Elle donnait, écrit son biographe, le Bienheureux Raymond de Capoue, qui avait été son père spirituel, sur les paroles de Notre Seigneur au Jardin des Oliviers, une explication que je ne me rappelle pas avoir lue ou entendue autre part. Elle disait que par ces mots : « Mon Père, éloigne ce calice de moi » (Mt 26, 39), les personnes que la grâce éclaire et fortifie ne doivent pas croire, comme les âmes faibles qui craignent la mort, que le Sauveur demandait l’éloignement de sa Passion. Il avait bu depuis sa naissance, et à mesure que le temps approchait, il buvait d’avantage ce calice du désir qu’il avait de sauver les hommes. Il demandait plutôt l’accomplissement de ce qu’il souhaitait si ardemment, l’achèvement de ce calice dont il supportait l’amertume depuis si longtemps… Mais quoique ce calice du désir fût le plus pénible à boire, il ajoutait dans son obéissance filiale : « Cependant que ce ne soit pas ma volonté mais la vôtre qui s’accomplisse » (Lc 22, 42). Il s’offrait ainsi à souffrir tous les retards qu’il plairait au Père d’apporter à sa Passion.

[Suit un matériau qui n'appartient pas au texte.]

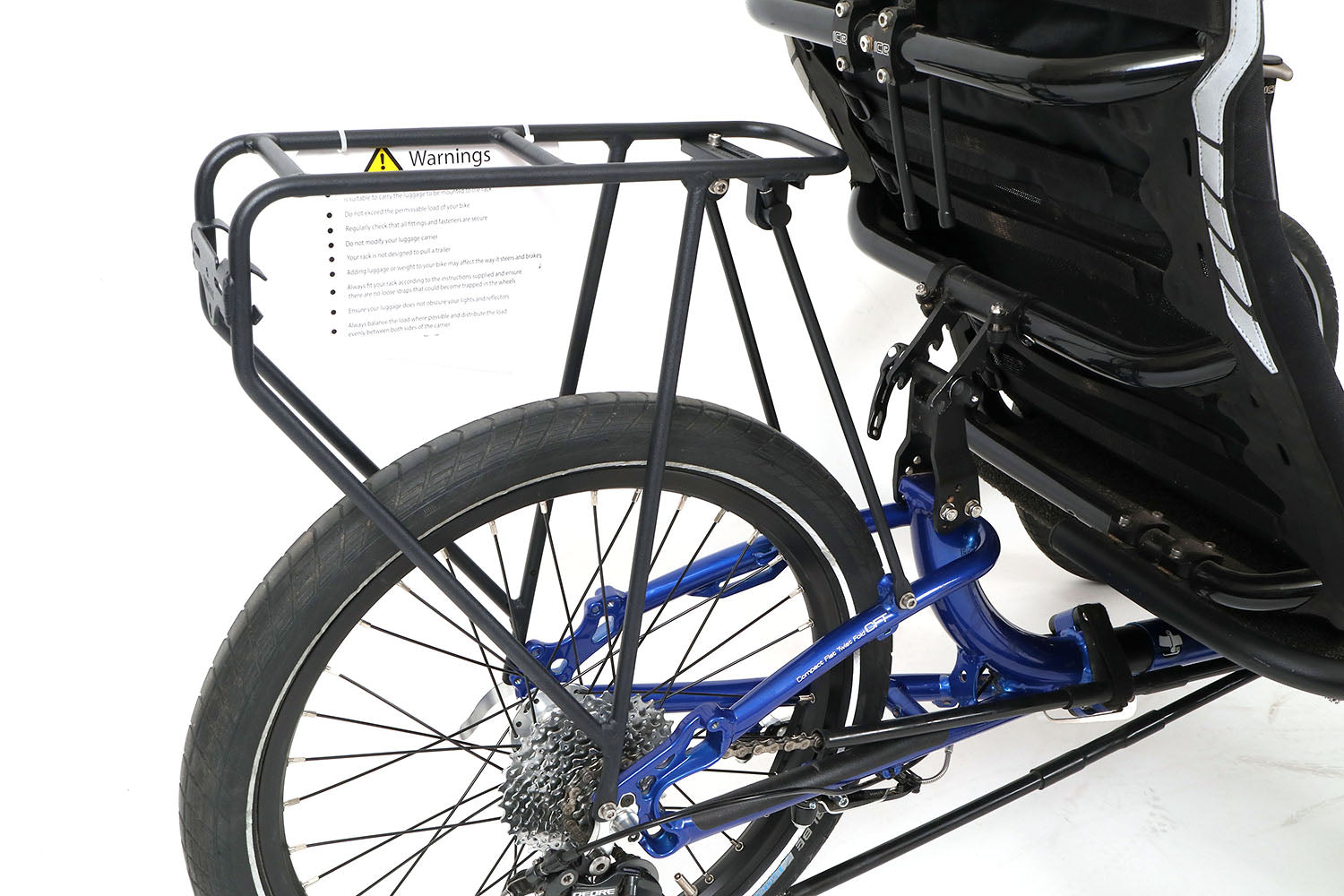 ICE Rear Carrier For Rigid 20 Inch luggage rack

L’agonie de Gethsémani, est la contradiction du désir divin de salut par les retards et les échecs que lui impose la contradiciton des volontés rebelles.

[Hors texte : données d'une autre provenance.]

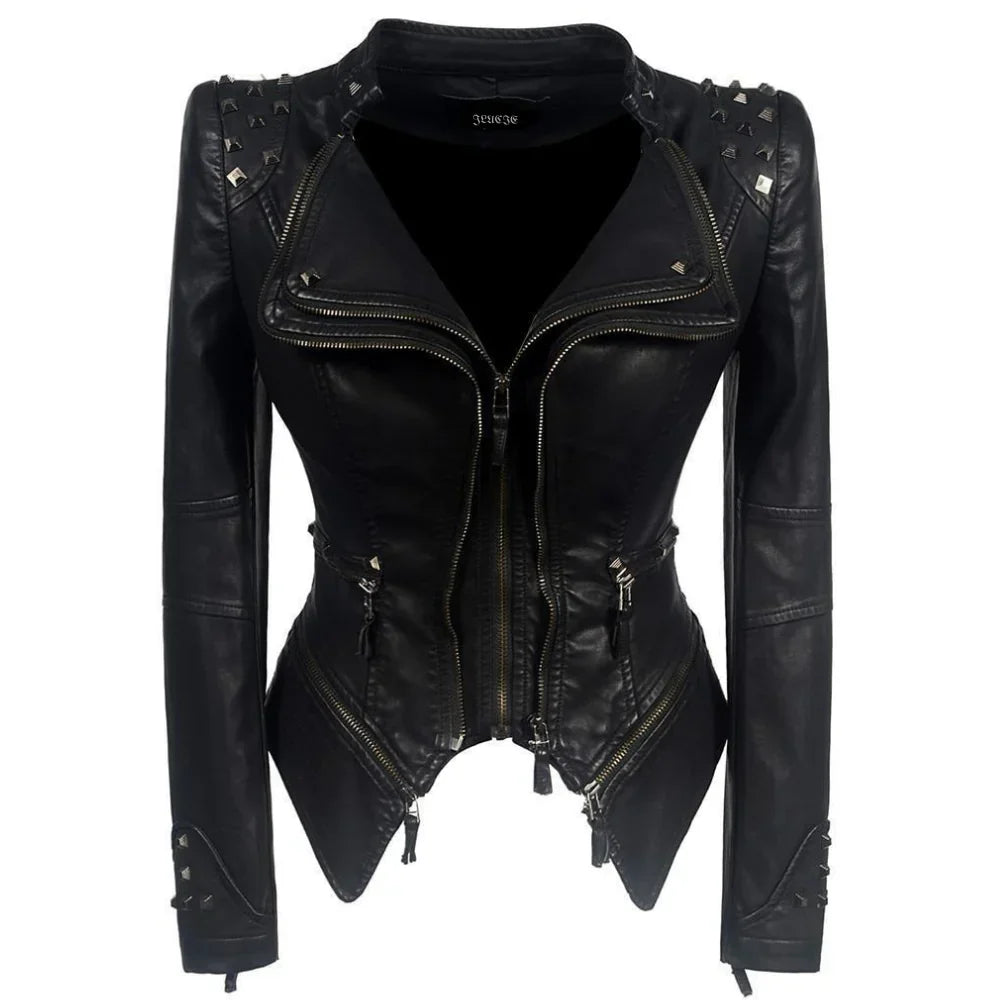 Drune | Stylische Lederjacke Für Damen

Le désir du Fils de Dieu, écrit sainte Catherine, était la faim de notre salut, pour accomplir la volonté de son Père ; c’est ce qui le fit souffrir jusqu’à ce qu’il l’eut accomplie. Et comme il est la sagesse du Père, il voyait ceux qui profiteraient de son sang et ceux qui n’en profiterait pas par leur fautes, et il pleurait l’aveuglement de ceux qui n’en voulaient pas profiter. Ce tourment de désir, il le souffrit depuis sa naissance jusqu’à sa mort. Lorsqu’il eut donné sa vie, son désir ne cessa pas, mais seulement la croix du désir. »
Ce qui frappe de prime abord, c’est que sainte Catherine parle d’une vision du Christ qui le rend contemporain des libertés qui profitent ou ne profitent pas de son sang rédempteur. Il ne s’agit pas d’une pré-vision qui impliquerait une prédestination dans l’ordre du mal. Le Christ porte notre liberté dans le présent de ses actes qui coïncide avec le présent de l’éternité de Dieu.

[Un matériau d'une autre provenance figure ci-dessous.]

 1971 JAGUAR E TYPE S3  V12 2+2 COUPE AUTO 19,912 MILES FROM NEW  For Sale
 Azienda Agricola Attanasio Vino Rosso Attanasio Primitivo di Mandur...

En la coupe de Gehsémani toutes nos libertés, du début jusqu’à la fin des temps, sont rassemblées dans le présent de Dieu. L’Agneau est égorgé depuis les origines du monde et le Christ, dit Pascal, demeure en agonie jusqu’à la fin des temps.
Elle dit, continue son biographe, au cours de l’une de ses extases que ce qui avait causé la tristesse et la sueur de sang du Sauveur au Jardin des Oliviers, c’était de voir combien d’âmes ne participaient pas aux fruits de la Passion.
L’agonie est, à l’heure des ténèbres, l’expression, à travers l’humanité du Christ, de la contradiction de l’éternel Amour divin par les actes mauvais posés au présent par nos libertés.
Le précieux Sang de mon Fils Unique, dit Dieu à sainte Catherine dans Le Dialogue, a détruit la mort, dissipé les ténèbres, répandu la lumière ; ce sang opère toujours pour le salut et la perfection de l’homme qui se dispose à le recevoir. Mais comme il donne la vie, il donne aussi la mort à celui qui le boit indignement dans les ténèbres du péché. Oui, le pécheur en a agi cruellement pour lui-même en foulant aux pieds, dans son cœur, le fruit de Sang.
Voilà l’agonie du Sauveur acceptant de la main du Père que son sang soit recueilli dans la coupes, à savoir la liberté de l’homme.
Nous sommes comme des coupes, (dit sainte Catherine), pour recevoir le Sang qui s’écoulait de la Croix. C’est nous qui sommes cette coupe qui reçoit le sang. Quand Jésus dit : « Père que cette coupe s’éloigne de moi ». Il ne faut pas comprendre, (dit-elle), que le Sauveur demande l’éloignement de sa Passion. Jésus demande, dans cet ultime prière au Père, l’éloignement de cette coupe qu’est la liberté mauvaise de l’homme qui peut faire du calice de son Sang vivifiant une coupe de colère donnant la mort éternelle.
Selon sainte Catherine cette coupe était, pour le Christ, d’accepter avec patience que son Sang ne porte pas fruit tout de suite, d’assumer toutes les lenteurs, toutes les résistances à la grâce. Et elle insiste beaucoup sur le fait que la Passion du Christ, sa vraie Passion, sa Passion divine, a été la Passion du désir et que ses souffrances n’ont été rien en comparaison du désir qu’il avait du salut du monde, et de la résistance qu’il rencontrerait dans la contradiction de nos cœurs.